Commentaire par th 10.25.08 @ 3:37À l’époque où je me suis plongé dans Jimmy the Kid, je n’avais lu de Stark que le premier Parker. Dès que Kelp annonce à Dortmunder que son idée de kidnapping lui est venue à la lecture d’un Stark, je suis aller compulser fiévreusement tous mes Parker pour trouver de quel roman il s’agissait… en vain, naturellement : ledit roman n’existe pas dans la réalité !
Et n’oublions pas que ce deuxième Dortmunder s’achève par une adaptation cinématographique : encore un clin d’œil de Don…
Concernant la genèse de Dortmunder, il me semble qu’il faut également tenir compte d’un autre élément.
En 1968, Westlake soumet à Hollywood un scénario que tout le monde refuse : Who Stole Sassi Manoon ? Du coup, il le transforme en un roman, publié en 1969 et traduit à la Série Noire en 1970 sous le titre Kidnap-Party.
Hé bien, ce roman concentre tous les ingrédients qui feront la richesse de la saga Dortmunder : bande de branquignols qui conçoivent un coup astucieux mais se heurtent à l’imprévisible, aperçus caustiques sur le monde d’alors (celui du spectacle, en l’occurrence), humour ravageur, amoralité finale, etc. Même la structure du roman est identique à celle des premiers Dortmunder : proposition du coup, mise en place de l’équipe, etc.
Bref, on dirait vraiment que Westlake s’est fait la main sur cette sorte de brouillon, juste avant d’écrire Pierre qui brûle/roule (ou peut-être en même temps)…
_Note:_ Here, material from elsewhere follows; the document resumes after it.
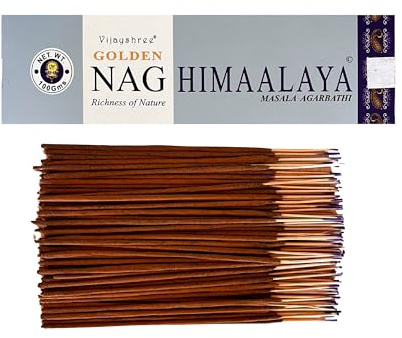 Varillas de Incienso Vijayshree Golden Nag Himaalaya de 100 g - 5 Paquetes de 20 g (70-90 Varillas) - Aromaterapia - Meditación - Yoga - Packaging EcoFriendly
Tu nous auras à l’usure. J’ai tant aimé Le Couperet, moment de lecture inoubliable, auquel je pourrais consacrer une nouvelle (”Où et comment j’ai lu Le Couperet, où et comment je l’ai relu, où et comment j’ai observé quelqu’un le lire”) que j’hésite à me lancer dans d’autres ouvrages, il me semble avoir atteint, d’emblée, le sommet. Non?